[Opening Data provided section]

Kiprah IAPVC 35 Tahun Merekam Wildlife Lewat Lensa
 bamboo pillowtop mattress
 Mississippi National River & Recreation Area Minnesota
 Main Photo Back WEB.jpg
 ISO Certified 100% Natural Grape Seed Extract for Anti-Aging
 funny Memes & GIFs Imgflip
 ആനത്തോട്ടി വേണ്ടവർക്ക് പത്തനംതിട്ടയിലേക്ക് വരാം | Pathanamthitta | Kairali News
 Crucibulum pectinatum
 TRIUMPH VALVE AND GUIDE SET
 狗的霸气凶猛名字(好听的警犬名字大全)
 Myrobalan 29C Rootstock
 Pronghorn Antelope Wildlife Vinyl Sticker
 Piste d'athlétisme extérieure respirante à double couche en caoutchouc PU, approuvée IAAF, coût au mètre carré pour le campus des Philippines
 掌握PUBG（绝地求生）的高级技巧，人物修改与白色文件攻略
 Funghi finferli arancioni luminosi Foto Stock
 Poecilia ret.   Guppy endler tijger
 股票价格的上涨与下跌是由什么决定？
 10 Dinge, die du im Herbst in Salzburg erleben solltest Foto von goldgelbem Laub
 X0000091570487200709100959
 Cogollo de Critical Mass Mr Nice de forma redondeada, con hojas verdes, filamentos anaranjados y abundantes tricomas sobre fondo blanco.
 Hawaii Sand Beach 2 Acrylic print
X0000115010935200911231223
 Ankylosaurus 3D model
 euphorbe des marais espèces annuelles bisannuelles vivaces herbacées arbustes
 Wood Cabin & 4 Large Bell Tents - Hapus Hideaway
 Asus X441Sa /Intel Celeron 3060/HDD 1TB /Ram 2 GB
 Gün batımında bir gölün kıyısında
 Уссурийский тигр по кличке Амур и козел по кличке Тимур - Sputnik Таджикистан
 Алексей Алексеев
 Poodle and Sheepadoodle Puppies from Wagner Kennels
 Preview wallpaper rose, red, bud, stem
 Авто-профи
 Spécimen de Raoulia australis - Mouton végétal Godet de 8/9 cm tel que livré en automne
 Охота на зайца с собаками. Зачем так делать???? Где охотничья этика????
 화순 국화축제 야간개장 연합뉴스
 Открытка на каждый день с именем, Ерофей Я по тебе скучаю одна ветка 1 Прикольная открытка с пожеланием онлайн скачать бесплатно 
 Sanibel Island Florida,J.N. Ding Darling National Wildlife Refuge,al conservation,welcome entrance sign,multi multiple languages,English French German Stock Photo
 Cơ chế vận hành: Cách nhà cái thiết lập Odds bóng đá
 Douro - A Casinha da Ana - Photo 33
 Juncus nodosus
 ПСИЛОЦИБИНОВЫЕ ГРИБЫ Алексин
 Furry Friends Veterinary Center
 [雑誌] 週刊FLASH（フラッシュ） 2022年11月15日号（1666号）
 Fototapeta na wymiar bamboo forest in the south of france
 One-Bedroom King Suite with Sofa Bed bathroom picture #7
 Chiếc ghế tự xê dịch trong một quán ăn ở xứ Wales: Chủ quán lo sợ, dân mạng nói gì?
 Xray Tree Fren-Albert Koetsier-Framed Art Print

[Closing Data provided section]

Reply with every line of the listing that has the string "National".

 Mississippi National River & Recreation Area Minnesota
 Sanibel Island Florida,J.N. Ding Darling National Wildlife Refuge,al conservation,welcome entrance sign,multi multiple languages,English French German Stock Photo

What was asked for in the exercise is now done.